Problem to work on
Entries below include pictures. Output exactly the lines from the one with "For starters we" down to the one with "Just like that.", both ends included, and leave the pictures out.

Data extract Start Marker

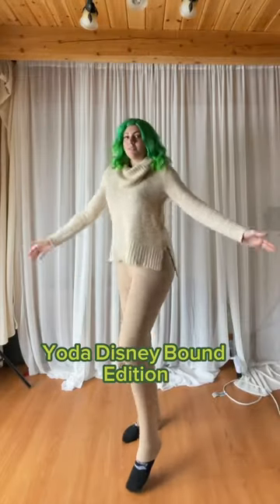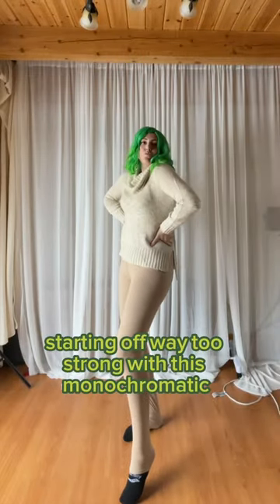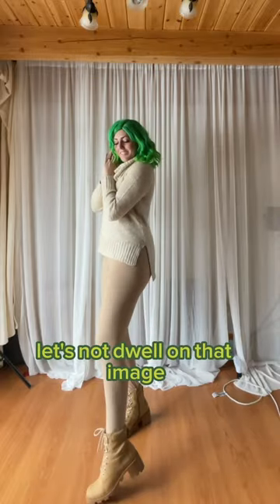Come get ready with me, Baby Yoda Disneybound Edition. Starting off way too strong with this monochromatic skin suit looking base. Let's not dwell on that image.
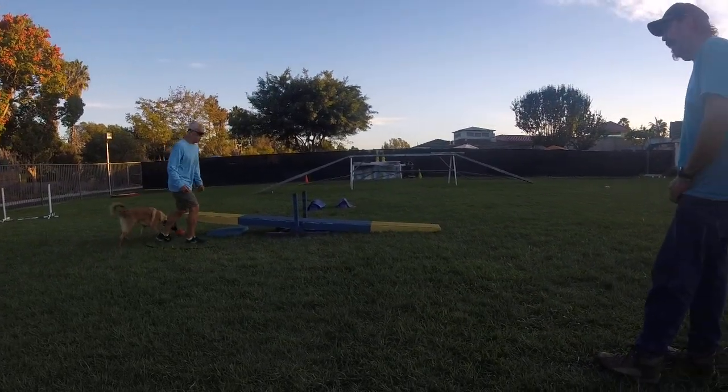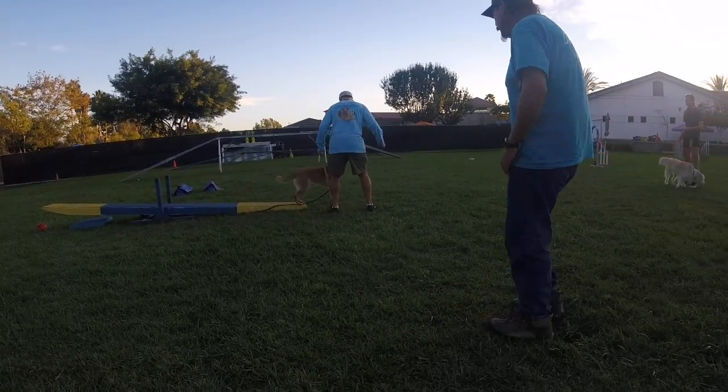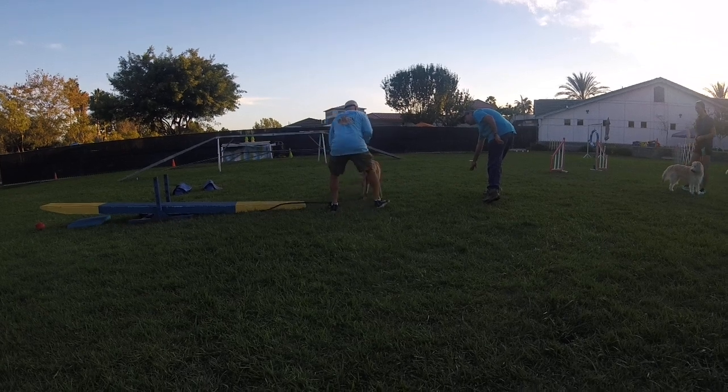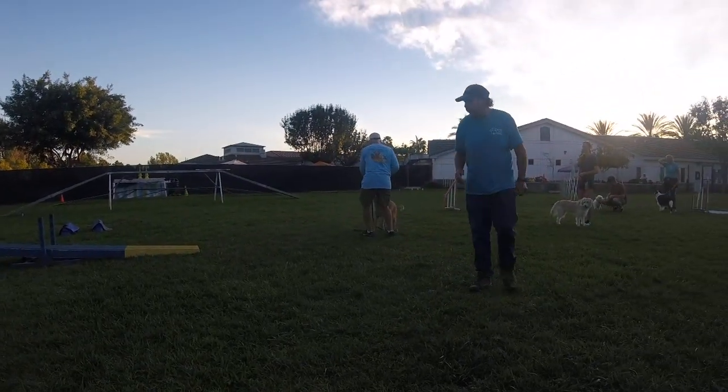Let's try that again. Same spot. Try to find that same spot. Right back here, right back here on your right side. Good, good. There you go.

Data extract End Marker
Data extract Start Marker

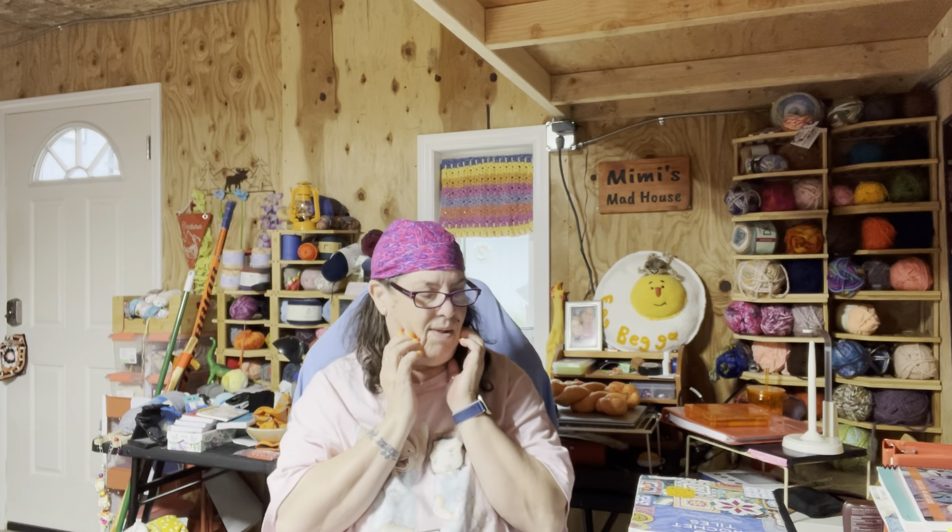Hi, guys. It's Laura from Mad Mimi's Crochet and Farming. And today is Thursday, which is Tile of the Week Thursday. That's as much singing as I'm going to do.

Data extract End Marker
Data extract Start Marker

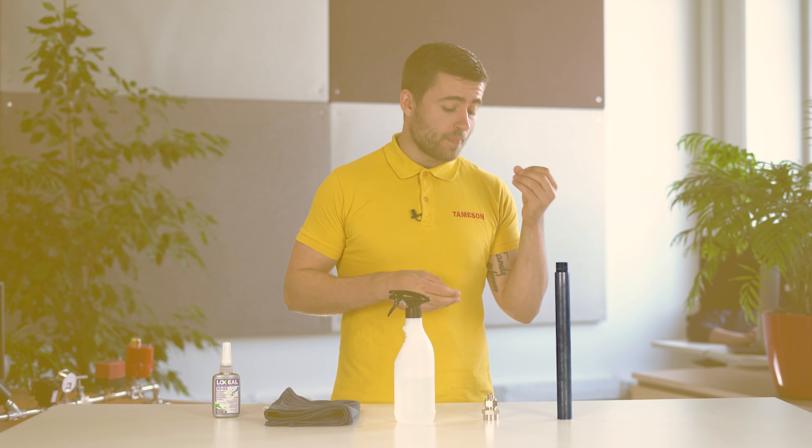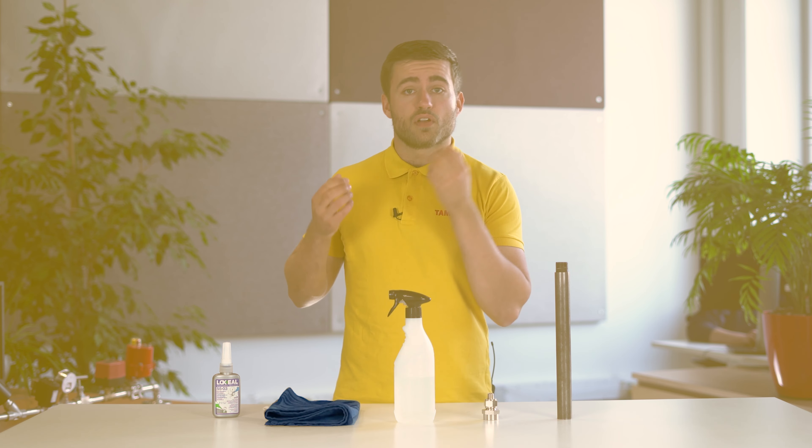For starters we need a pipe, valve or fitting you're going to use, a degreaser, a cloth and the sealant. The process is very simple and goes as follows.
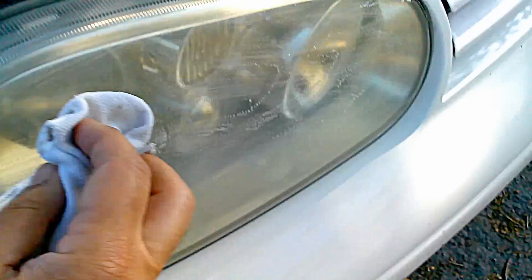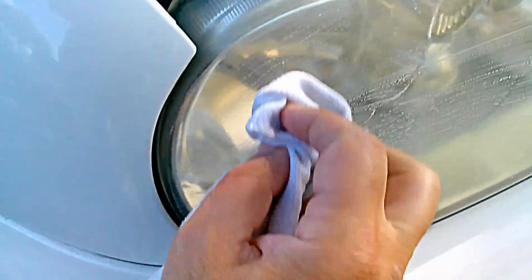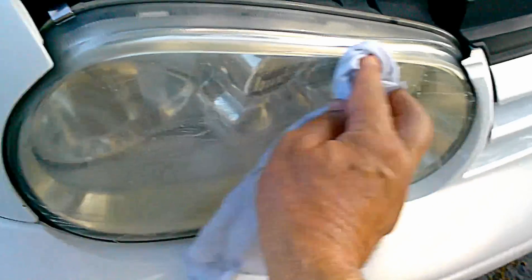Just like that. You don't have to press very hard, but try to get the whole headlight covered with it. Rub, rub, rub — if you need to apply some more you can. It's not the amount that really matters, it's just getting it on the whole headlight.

Data extract End Marker

Finished exercise
For starters we need a pipe, valve or fitting you're going to use, a degreaser, a cloth and the sealant. The process is very simple and goes as follows.
Just like that. You don't have to press very hard, but try to get the whole headlight covered with it. Rub, rub, rub — if you need to apply some more you can. It's not the amount that really matters, it's just getting it on the whole headlight.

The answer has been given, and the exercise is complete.